▶ [What you will do]: Images don't belong in the copy. Output the rest of the data exactly.

____ Provided entries

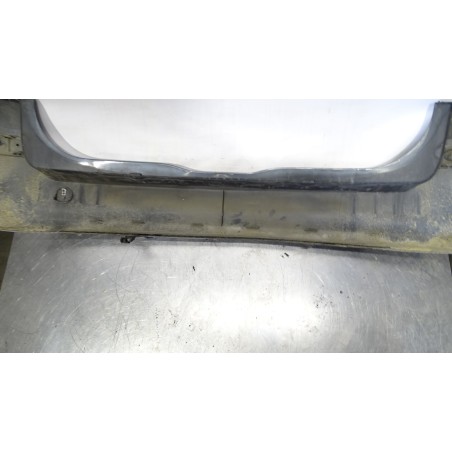 ZDERZAK TYŁ OPEL ASTRA H 1.7CDTI  Z155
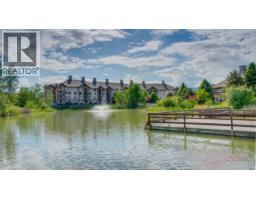 2551 Shoreline Drive Unit# 412, Lake Country, BC V4V2P2 Photo 39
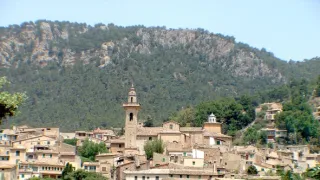 Baleáry, ostrovy presiaknuté tradíciami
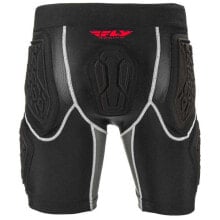 Knee pads and armbands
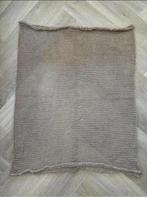 Naturel gehaakt net 80 cm voor ay illuminate lamp, Ophalen of Verzenden, Gebruikt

________

▶ [Solution for this exercise]:
 ZDERZAK TYŁ OPEL ASTRA H 1.7CDTI  Z155
 2551 Shoreline Drive Unit# 412, Lake Country, BC V4V2P2 Photo 39
 Baleáry, ostrovy presiaknuté tradíciami
 Knee pads and armbands
 Naturel gehaakt net 80 cm voor ay illuminate lamp, Ophalen of Verzenden, Gebruikt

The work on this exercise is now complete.